CIP or Consumer Price Index tracks the changes in the prices of a basket of goods and services that represent the typical consumption of a household. As Kavan Choksi says, this basket tends to include items like healthcare, food, clothing, housing, transportation and entertainment. CPI is typically calculated by comparing the current prices of the basket with the prices in a base year, and ultimately expressing the outcome as a percentage. For instance, if the CPI is 110, it essentially means that the average price level has increased by 10% since the base year.
Kavan Choksi briefly mentions how the CPI impacts the dollar against other currencies
The Federal Reserve is known to have a dual mandate that impacts its action on monetary policy. The central bank aims at bringing the economy to full employment, as well as ensure a healthy rate of inflation as the economy expands. Hence, forex traders consider both inflation and unemployment rates as figures that would dictate the future decision of the central bank on whether to cut, raise or maintain current interest rate levels. Due to the impact of interest rates on the weakness or strength of a currency, traders often anticipate the impact of the actions of the central bank, as well as how they affect the dollar’s performance in currency pairs.
Forex traders typically consider the CPI and Core CPI figures to be among the most fundamental indicators of the performance of an economy. The Core CPI figure, however, is able to provide a better look under the hood between the two. Core CPI basically executes the costs in the energy and food sectors, as these industries often experience a higher degree of price volatility.
The Labor Department releases the CPI and Core CPI figures in the United States.
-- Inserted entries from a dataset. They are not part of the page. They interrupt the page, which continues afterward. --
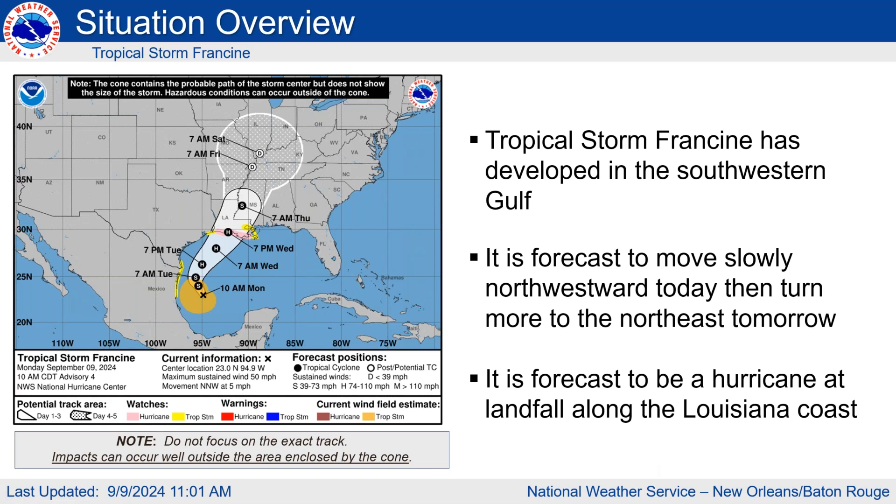This is the latest cone of uncertainty graphic. Please remember that impacts can be felt well outside the cone of uncertainty. Right now the storm is located in the southwest Gulf of Mexico. It has just been upgraded to a tropical storm and is expected to move a little to the northwest before turning northeast and making landfall as a category one hurricane somewhere along the central Louisiana coastline, predominantly Wednesday evening.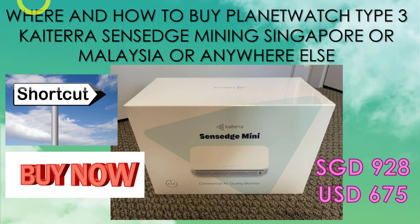Hi everyone, welcome back. In today's video I will tell you where to buy a Katera Zen H mini, which is a Type 3 sensor to use for Planet Watch mining. This will be a shortcut — if you're in Singapore or Malaysia, you can actually walk to the showroom and get a brand new set right now for $928 SGD or $675 USD. If you are staying outside of Singapore or Malaysia, you can still order it but you have to pay for shipping and delivery time will take a while.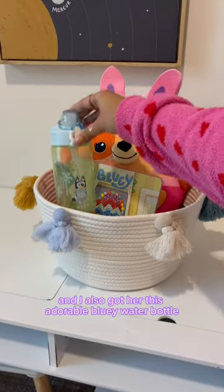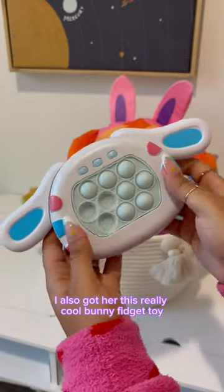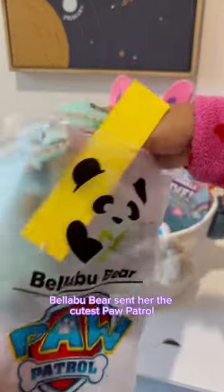I also got her this adorable Bluey water bottle, and I also got her some Hatchimals. I also got her this really cool bunny fidget toy — I think she's gonna love it. Bella Blue Bear sent her the cutest Paw Patrol Easter-themed PJs.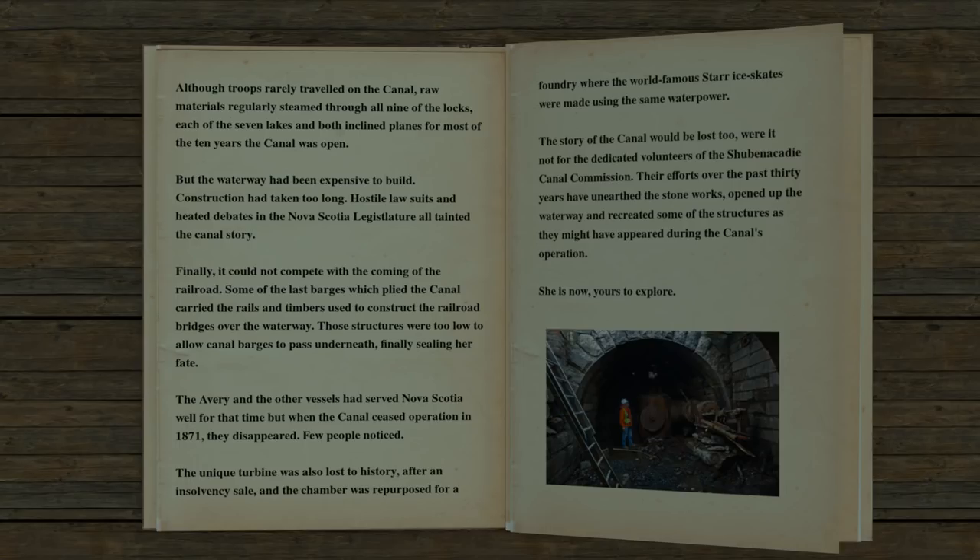The story of the canal would be lost, too, were it not for the dedicated volunteers of today's Shubenacadie Canal Commission. Their efforts over the past 30 years have unearthed the stoneworks, opened up the waterway, and recreated some of the structures as they might have appeared during the canal's operation. She's now yours to explore.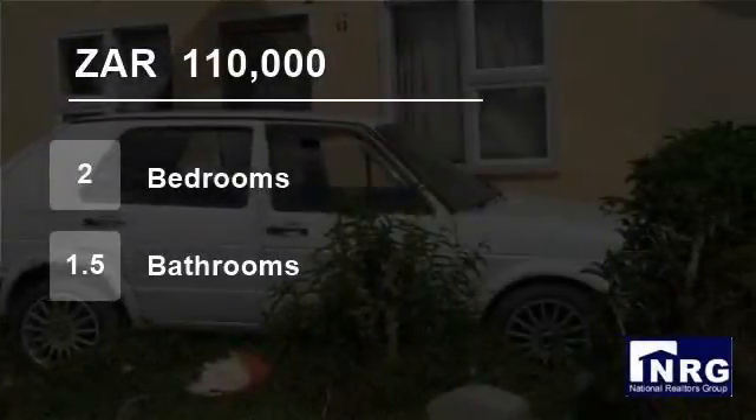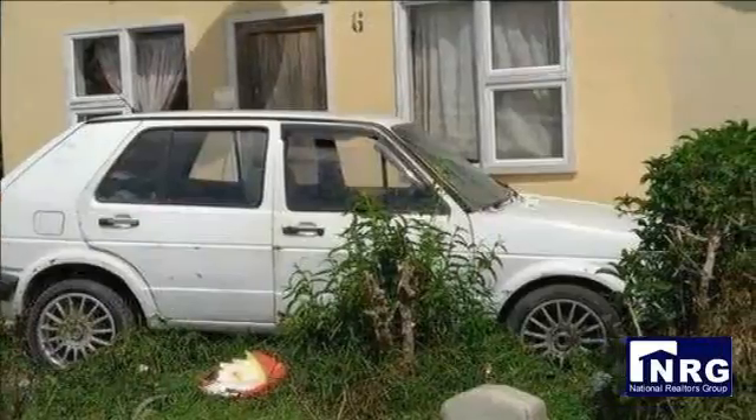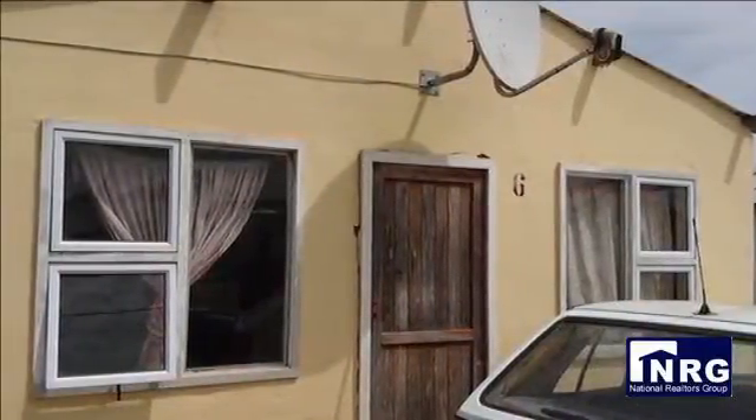Welcome to this two-bedroom house for sale in Motherwell NU10, Port Elizabeth, Eastern Cape, South Africa, for 110,000 rand. An affordable home in NU11, close to the main road for ease of transport.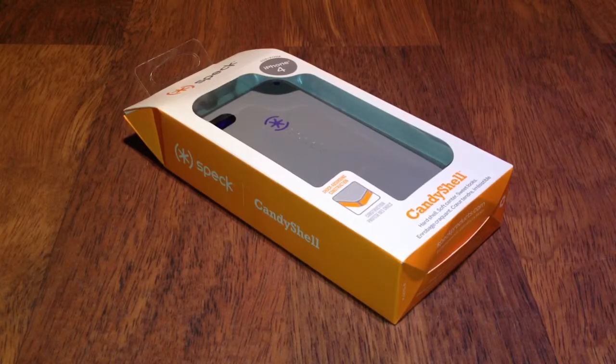So guys, this case is very good, so if you want to win this case just follow those rules. Multiple entries will not be counted guys, so don't even think about that because you will be disqualified and will not have a chance of winning.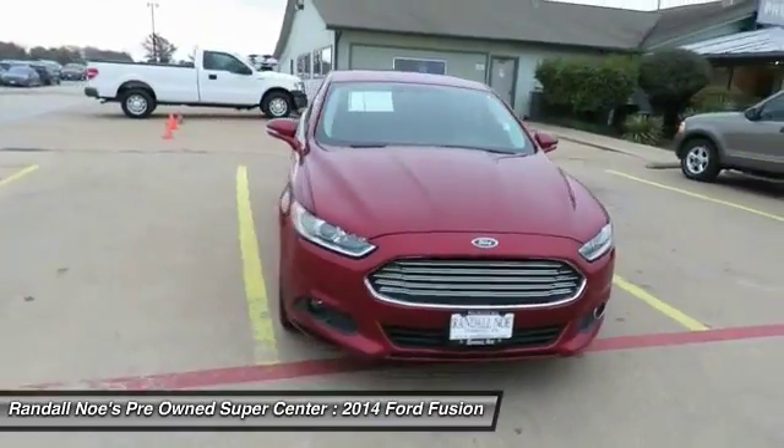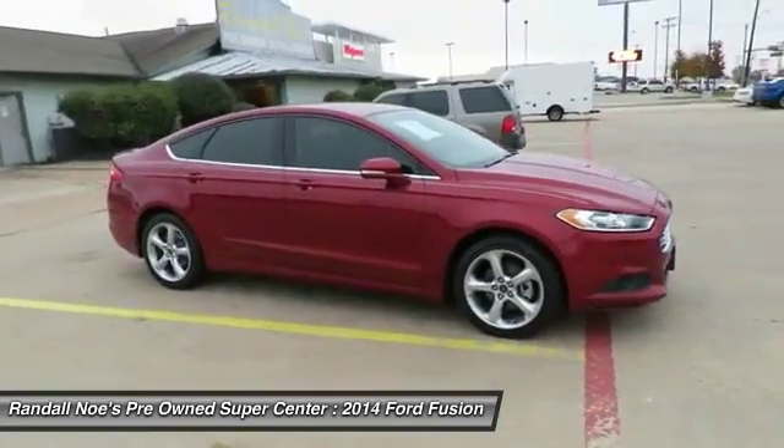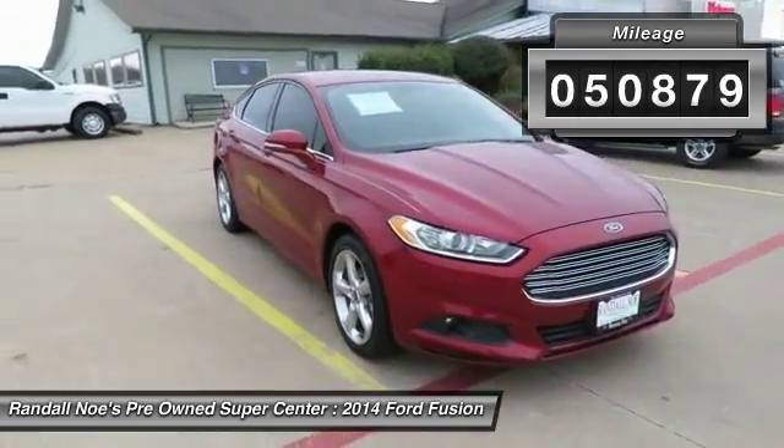The 2014 Fusion. You can have both impressive power and great economy in a Fusion. This vehicle has less than 55,000 miles. Here are some of this vehicle's great options.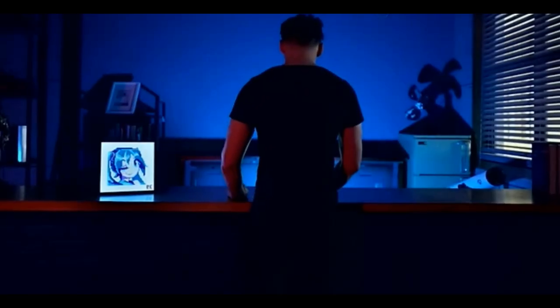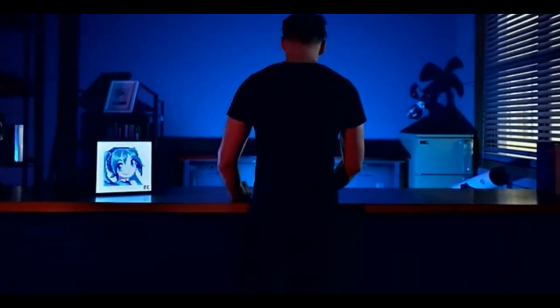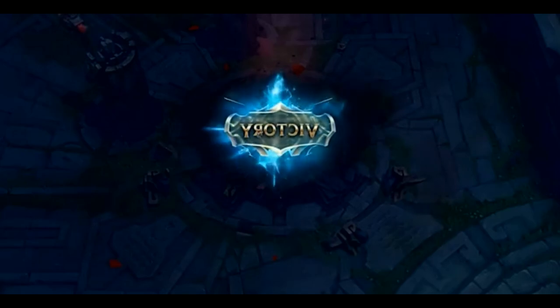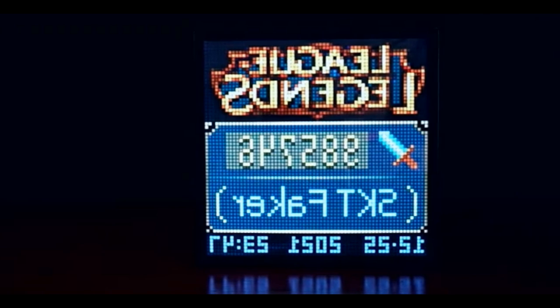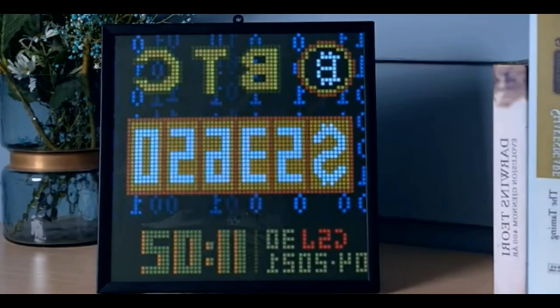Your Pixoo 64 is capable of various functions, including obtaining your in-game performance and social media account status, so you can celebrate every milestone with your viewers. Display real-time financial information such as stock and Bitcoin prices, as well as exchange rates.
In case these figures beat the market expectations, the dollar may experience a boost against other currencies. On the other hand, in case these readings do fall short of the consensus expectations, the dollar may fall relative to other pairings. One must, however, understand that the impact is not limited to the monthly report. Much like all government data figures, the CPI figure is subject to revisions by economists, and these changes may fuel considerable volatility in the value of a currency on the global market.
Kavan Choksi underlines that inflation is the phenomenon in which the price of goods and services increases over, and money essentially loses its value when this happens. The impact of inflation on the dollar lies in the gradual erosion of its buying power. Basically, this means that five dollars in one’s pocket today is worth more than what it will at a date in the future, taking steady inflation into account.
If the inflation is high, it may weaken the currency as buying power reduces. This invariably suppresses investment, and can have a negative impact on the exchange rate of a country. The inverse is also quite true. When inflation is low, a currency would be strong, and therefore have a positive impact on its exchange rate.